Will it break a record? Probably. But is it good? That’s the big question of the day, as “Harry Potter” author J.K. Rowling’s first adult novel, “The Casual Vacancy,” hit shelves this morning. It was protected by a number of security procedures, including a stringent non-disclosure agreement, so only a few reviews leaked out before the 1 a.m. EST embargo time. So far, critics have been lukewarm on the author’s departure from the magical land of Hogwarts. Here’s what they have to say, starting with our own review, by Monica Hesse:


The Washington Post:

“In this one 500-page book, Rowling re-traverses the Potter series’ entire tonal journey: a gradual darkening in which snide comments on small stakes give way to sharp commentary on big ones. The election unearths tensions. The tensions ruin lives. No amount of Reparo spells can undo the things that are done; we’re not in Hogwarts anymore.”

The Guardian:

“Generally, though, ‘The Casual Vacanc’y is a solid, traditional and determinedly unadventurous English novel... No one, I suspect, reads Rowling for the beauty of her sentences but there is often a sense here that the language is not quite doing what she wants it to do.
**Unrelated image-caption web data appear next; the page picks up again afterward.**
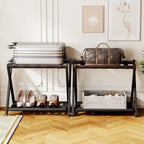 26.77" L Luggage Rack for Guest Room - Set of 2 Full Assembled Luggage Rack Stand for Suitcases, Foldable Luggage Holders with Shoe Shelf for Bedroom, Hotel (Black Bamboo Suitcase Stands)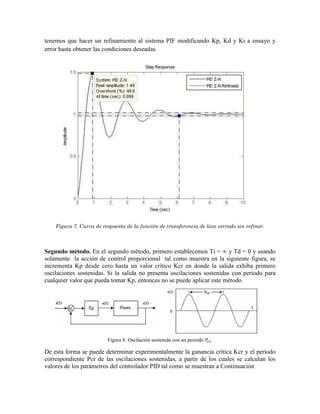 tenemos que hacer un refinamiento al sistema PIF modificando Kp, Kd y Ki a ensayo y
error hasta obtener las condiciones deseadas.
Figura 7. Curva de respuesta de la función de transferencia de lazo cerrado sin refinar.
Segundo método. En el segundo método, primero establecemos Ti = ∞ y Td = 0 y usando
solamente la acción de control proporcional tal como muestra en la siguiente figura, se
incrementa Kp desde cero hasta un valor crítico Kcr en donde la salida exhiba primero
oscilaciones sostenidas. Si la salida no presenta oscilaciones sostenidas con periodo para
cualquier valor que pueda tomar Kp, entonces no se puede aplicar este método.
Figura 8. Oscilación sostenida con un periodo .
De esta forma se puede determinar experimentalmente la ganancia crítica Kcr y el período
correspondiente Pcr de las oscilaciones sostenidas, a partir de los cuales se calculan los
valores de los parámetros del controlador PID tal como se muestran a Continuación
 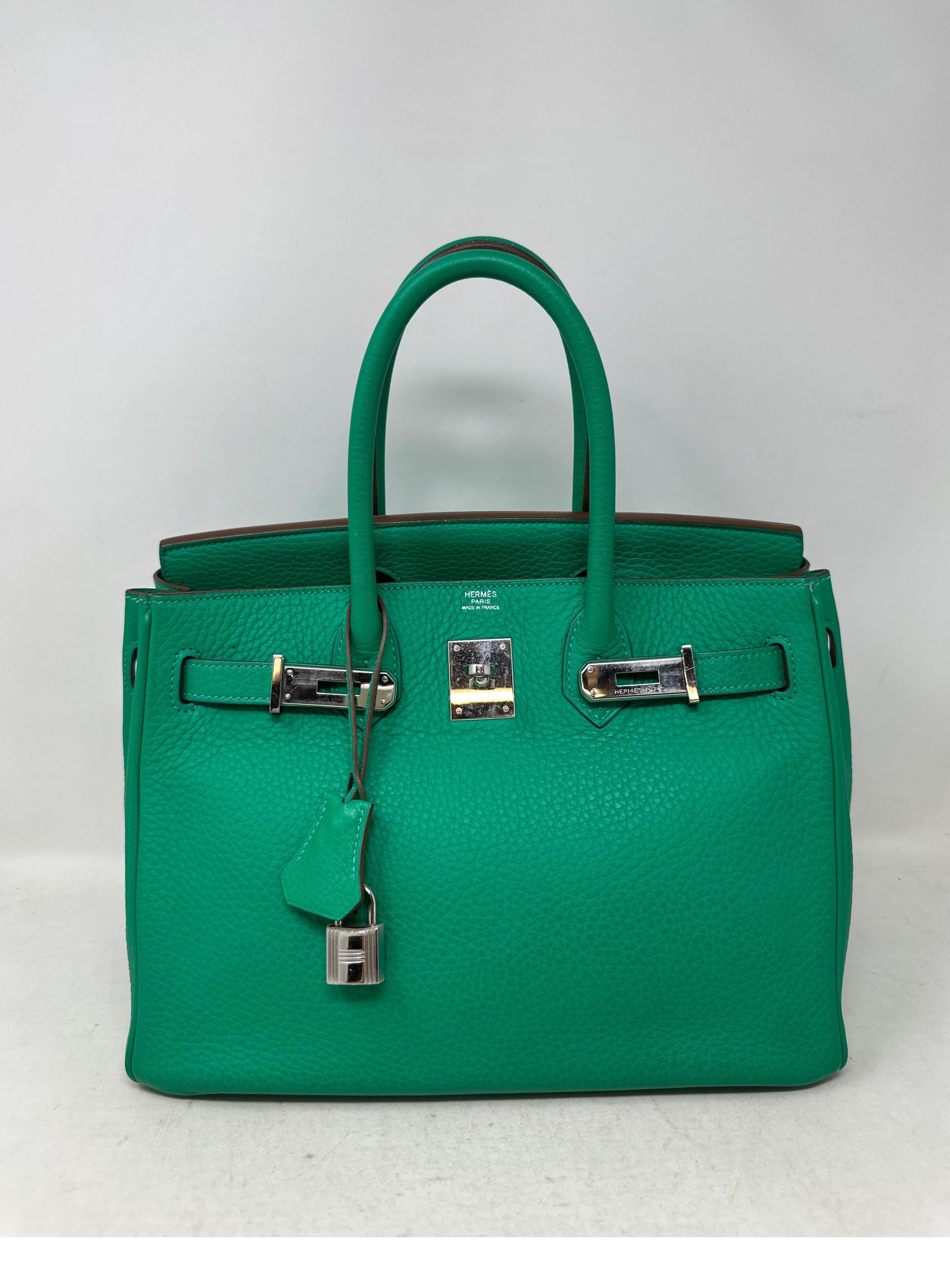 Hermes Menthe Birkin 30 Bag. Clemence leather. Palladium silver hardware. Minty green color. Very good condition. Light wear on the silver hardware. Interior clean. Includes clochette, lock, keys, and dust bag. Guaranteed authentic. 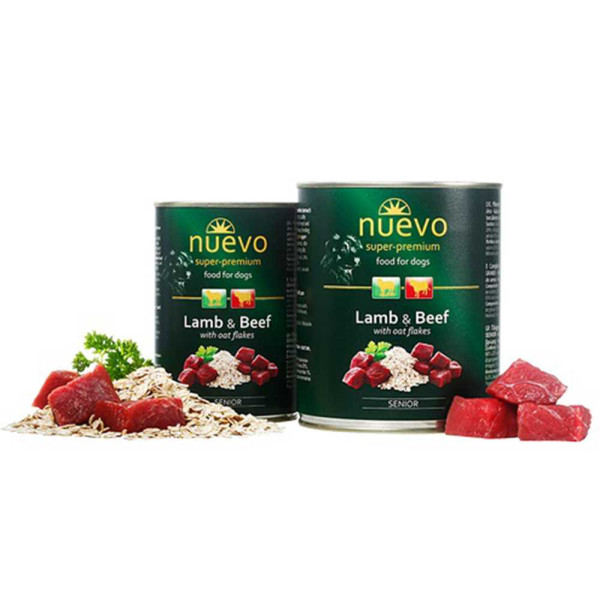 Nuevo (Нуэво) With Lamb, Beef and Oatmeal - Влажный корм для собак с ягненком, говядиной и овсянкой 800 г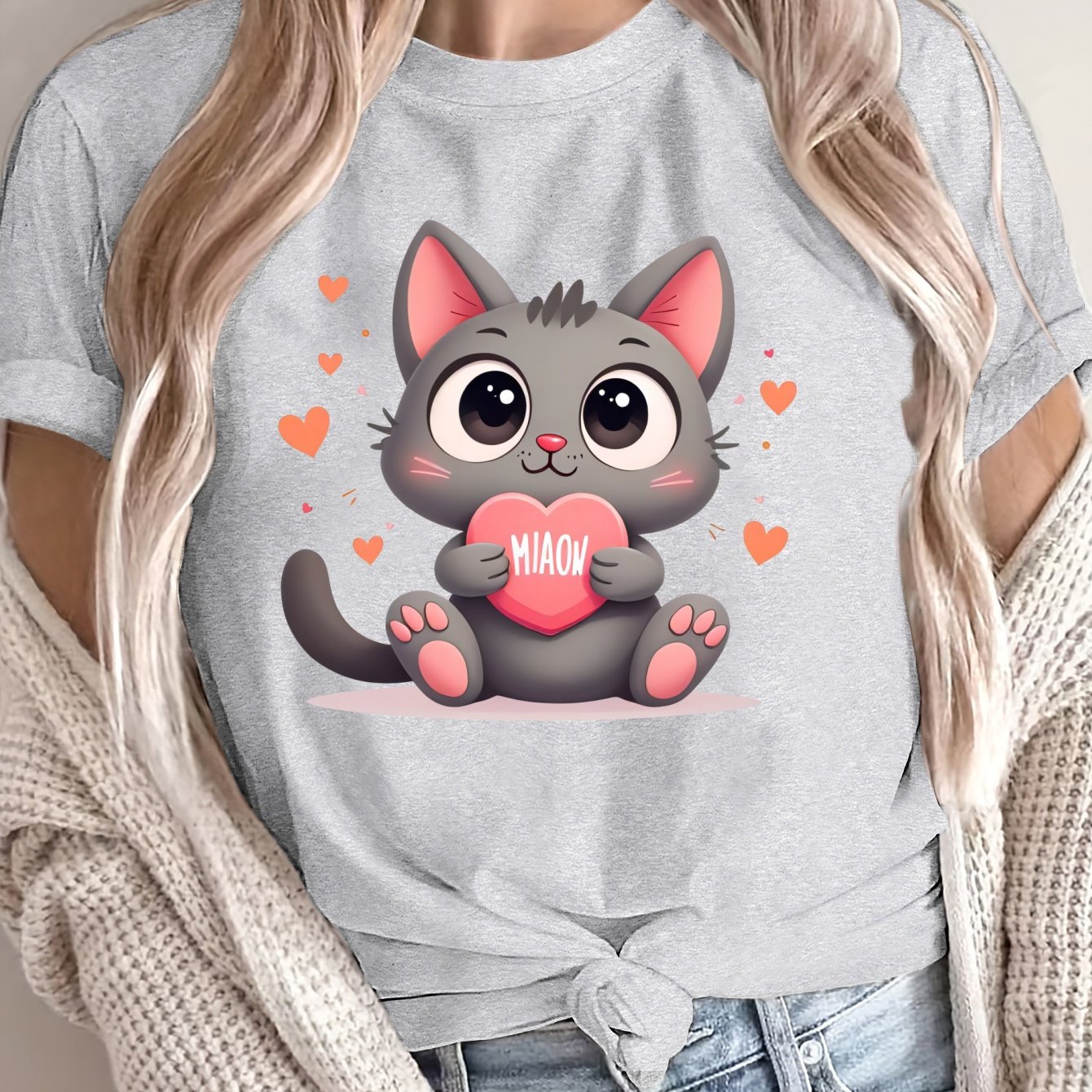 TEMU Women's Loose Fit Large Size T-shirt - Cute Cartoon Cat With Hearts Graphic, Soft Breathable Fabric, Round Neck Short Sleeve Casual Top For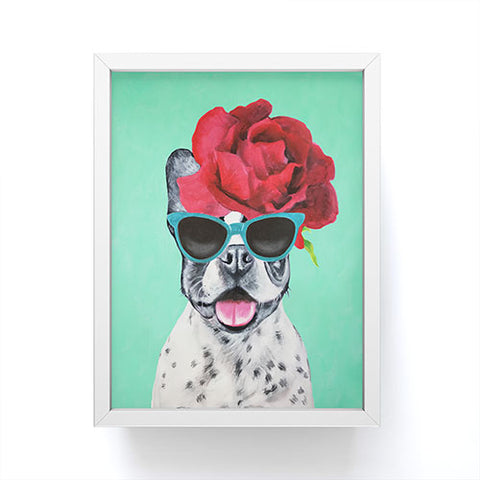 Coco de Paris Flower Power French Bulldog turquoise Framed Mini Art Print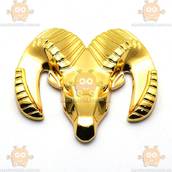 Наклейка 3D металлическая DODGE 5.3х4.5см ЗОЛОТАЯ gold (эмблема, значок, надпись, логотип) (пр-во Тайвань)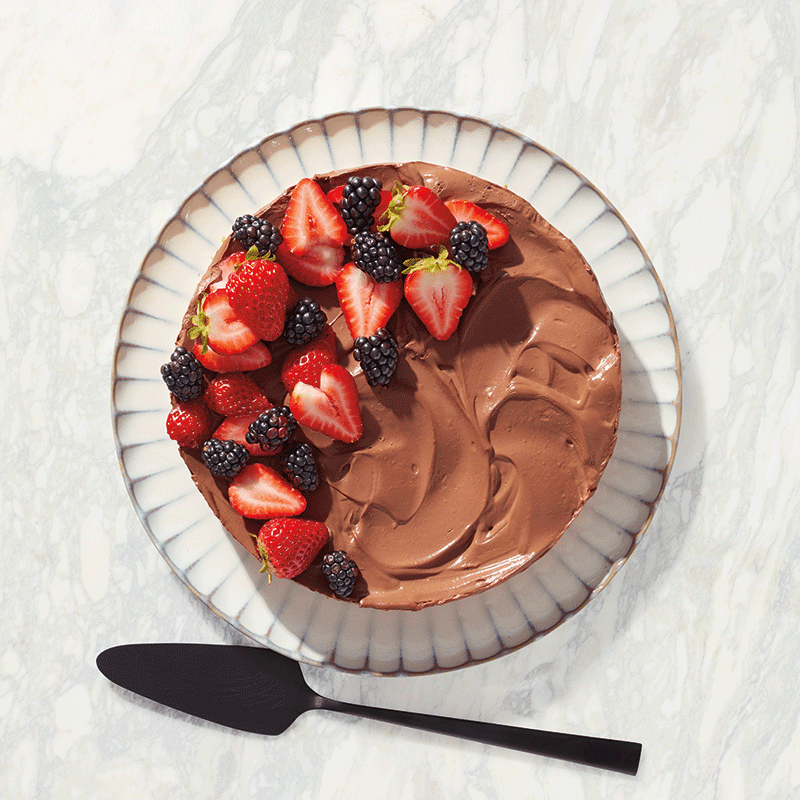 Dark chocolate tart with berries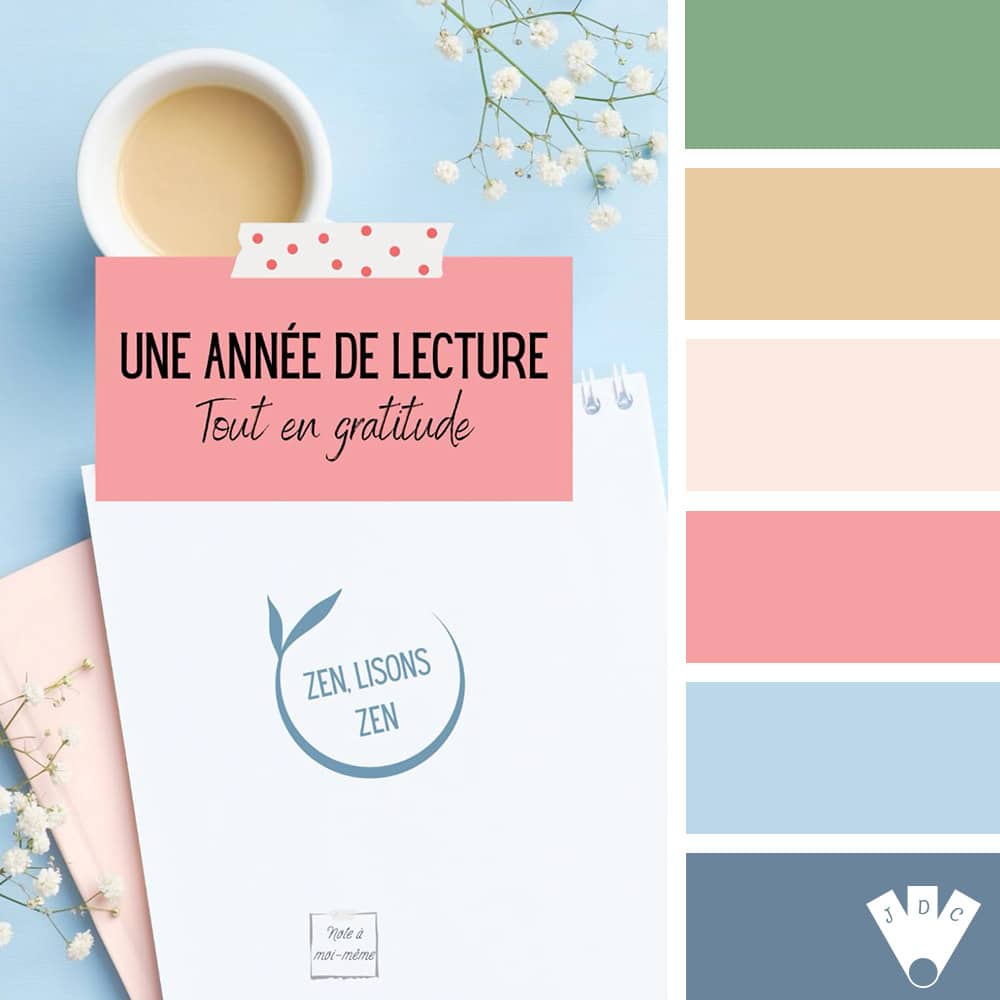 Color palette à partir de la couverture du carnet "Une année de lecture tout en gratitude" de Laëtitia de Zelles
One character, we are told, “hated sudden death”. Who doesn’t?”

The New York Times:

“Unfortunately, the real-life world she has limned in these pages is so willfully banal, so depressingly clichéd that ‘The Casual Vacancy’ is not only disappointing — it’s dull.”

The Associated Press:

“This isn’t a book that’s easy to fall in love with, the way Harry Potter was with its charming, winning hero and his plucky friends, saving the world from evil with the help of a powerful spell or two. Even with its moments of humor, it’s a hard story where some people just don’t get saved, because really, they never had a chance.”

The LA Times:

“Rowling clearly knows how to create a universe that’s compelling, consuming even, but Pagford is no such place. Rather, it is little more than a backdrop, a stage set, its lack of depth an emblem of Rowling’s inability to engage us, to invest us sufficiently in her characters, young or otherwise, to reckon with the contrivances of her fictional world.”

New York Daily News:

“Rowling’s strength was never her prose. It was her ability to create unforgettable characters and weave stories that held us captive. The magic simply isn’t there in ‘The Casual Vacancy.’ Indeed, the spell has been broken.”

The New Yorker:

“A powerful and protected writer risks getting things wrong... Some sentences cause you to picture a Little, Brown editor starting to dial Rowling’s number, then slowly putting down the handset: ‘There, in his poky office, Simon Price gazed covetously on a vacancy among the ranks of insiders to a place where cash was now trickling down onto an empty chair with no lap waiting to catch it.’“

Entertainment Weekly:

“Rowling does a nice job laying out her 20-plus characters’ endless pretensions and weaknesses, which she punctures with gleeful flicks of a surprisingly sharp comic blade.”

People Magazine:

“Rowling captures the humanity in everyone, even if that humanity is not always a pretty sight. And – though creating Harry Potter was more than enough – if Rowling wants to convince the world that she can cast other spells, she has succeeded.”

Publisher’s Weekly:

“As in the Harry Potter books, children make mistakes and join together with a common cause, accompanied here by adults, some malicious, some trying yet failing. Minus the magic, though, good and evil are depressingly human, and while the characters are all well drawn and believable, they aren’t much fun.”